The terms Spanish fly and cantharides are synonymous and are used, the latter in particular, to refer to dried insects of this species, and related preparations.[2][3][4] Cantharides derives from the Greek kantharis for beetle, and eidos, meaning form or shape.[4] Although formerly taken internally, for use as a diuretic,[3] and for supposed aphrodisiac effects,[3][4] and externally as a rubifacient,[3] counterirritant,[2][4] and vesicant,[4] cantharide preparations are poisonous, taken internally at large doses,[4] and can lead to human and animal fatalities.[6] Poisoning by Spanish fly/cantharides is a significant veterinary issue; ingestion of beetles or their extracts—e.g., in infested hay or contaminated water—results periodically in serious toxic symptoms and the need for veterinary intervention, especially, in the U.S., in horses. Other specific cases of animal poisoning have been described: cattle in Africa with diarrhea and nephritis as a result of drinking contaminated water.

The perceived aphrodisiac properties of L. vesicatoria and its dried cantharides preparations are a result of its toxicology, specifically, irritant effects it has upon the body's genitourinary tract,[7] although such views of this property are anachronistic alongside modern statements that the effect is painful and without pleasure.[1] Moreover, seeking this outcome requires ingestion of the blister beetle preparation, and these, and preparations available illicitly in particular, can contain high concentrations of active agent that result in severe toxicity (poisoning).[7] Human poisoning consequences include oral, gastrointestinal (GI), rectal, and vaginal tissue irritation through to severe GI hemorrhaging and kidney dysfunction, organ failure, and death. Clinical and postmortem examination—e.g., by endoscopy and autopsy—reveal the destruction, as do laboratory findings of hematuria, proteinuria, and other reflections of the underlying pathologies. Management of cantharidin poisoning is only supportive.

Preparations from L. vesicatoria and other species have been the sources from which a pure natural compound (naturally derived chemical compound) called cantharidin has been isolated, which is largely responsible for the pharmacologic activities described.[3] To add to confusion with nomenclature, the isolated molecule, cantharidin itself, is sometimes also referred to as "Spanish fly".[7]

Description

Collecting cantharides, 19th century.

Lytta vesicatoria is a "slender, soft-bodied metallic golden-green beetle," and so a Coleopteran.[8] The beetle is described as being approximately 5 mm (0.20 in) wide by 20 mm (0.79 in) long.[1][8]

Range and habitat

It is mainly described as southern European species[9][10] although its range of habitats is more completely described as being "[t]hroughout southern Europe and eastward to Central Asia and Siberia,"[8] alternatively as being throughout Europe, and parts of northern and southern Asia (excluding China).[11]

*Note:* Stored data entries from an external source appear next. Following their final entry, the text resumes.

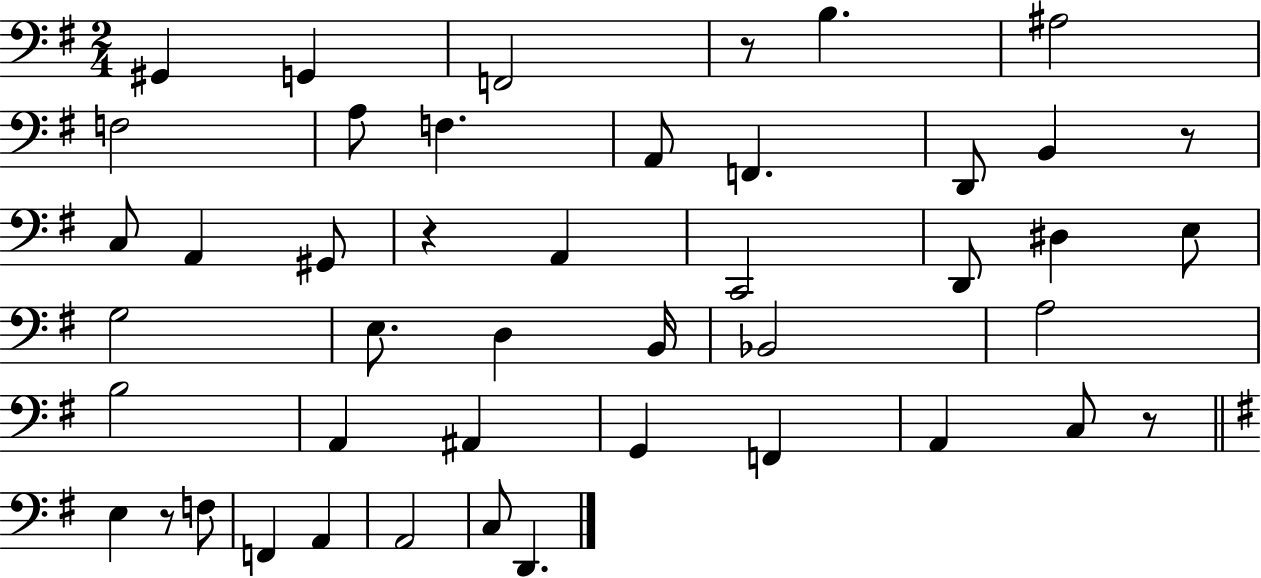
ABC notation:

X:1
T:Untitled
M:2/4
L:1/4
K:G
^G,, G,, F,,2 z/2 B, ^A,2 F,2 A,/2 F, A,,/2 F,, D,,/2 B,, z/2 C,/2 A,, ^G,,/2 z A,, C,,2 D,,/2 ^D, E,/2 G,2 E,/2 D, B,,/4 _B,,2 A,2 B,2 A,, ^A,, G,, F,, A,, C,/2 z/2 E, z/2 F,/2 F,, A,, A,,2 C,/2 D,,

Adult beetles primarily feed on leaves of ash, lilac, amur privet, honey suckle and white willow tree while occasionally being found on plum, rose, and elm.[8][12] The beetle reproductive cycle begins when eggs are laid in the vicinity of a ground-nesting host bee's nest.[8] The beetles then develop through a very active first larval instar (the triangulin) that crawls into the host's nest and parasitizes it; the hypermetamorphosis-type of development then has remaining larval instar stages that are grub-like, and sedentary.[8]

Active agent

Main article: Cantharidin

Cantharidin, the principal active component in preparations of Lytta vesicatoria-derived Spanish fly, was first isolated and named in 1810 by Pierre Robiquet, a French chemist living in Paris, who demonstrated that it was the principle responsible for the aggressively blistering properties of this insect's egg coating; toxicity comparable in degree to that of the most violent poisons known in the 19th century, such as strychnine, was asserted.[13]

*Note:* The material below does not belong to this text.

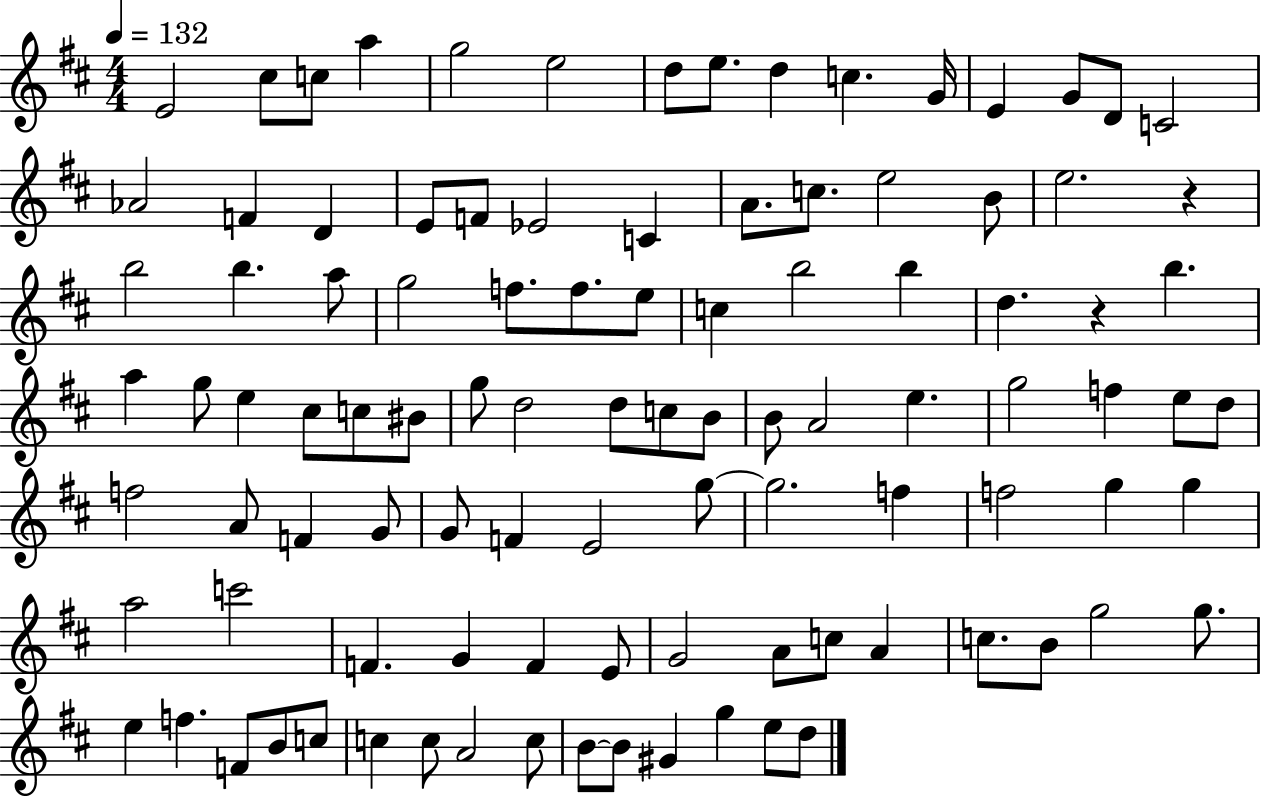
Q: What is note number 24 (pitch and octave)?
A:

The active agent has been estimated present at about 0.2-0.7 mg per beetle, males producing significantly more than females;[1] each beetle is on the order of 5% by weight of the active agent, cantharidin.[1] The agent is secreted orally by the beetle, and is exuded from its joints as a milky fluid.[1][14] The potency of the insect species as a vesicant has been known since antiquity and the activity has been used in various ways. This has led to its small-scale commercial preparation and sale, in a powdered form known as cantharides (the Greek plural of singular cantharis), obtained from dried and ground beetles. The crushed powder is of yellow-brown to brown-olive color with iridescent reflections, is of disagreeable scent, and is bitter to taste.[1] Cantharidin, the active agent, is a terpenoid, and is also produced by various other insect species, such as Epicauta immaculata.[1]

Activities and uses

As toxins

In man and animals, the cantharidin intoxication/toxicosis caused by the active agent from L. vesicatoria (and other species of blister beetle that produce cantharidin), broadly speaking, involves cellular level "disrup[tion of] the integrity of endothelial cells," which "leads to tissue destruction";[14][15] at a molecular level, activity of cantharide preparations has been attributed, at least in part, to the ability of cantharidin to inhibit the enzyme phosphatase 2A.[16] Depending on dose, its use can cause topical irritation and blistering, and when taken orally, blistering, ulceration, and bleeding of the mouth, gastrointestinal (GI) and urinary tracts, and genitalia (and an accompanying range of discomfort to severe pain at all these sites); these effects can escalate to erosion and bleeding of mucosa in each system, followed at times by severe GI hemorrhaging and acute tubular necrosis and glomerular destruction, resulting in GI and renal dysfunction, by organ failure, and death.[7][14][15]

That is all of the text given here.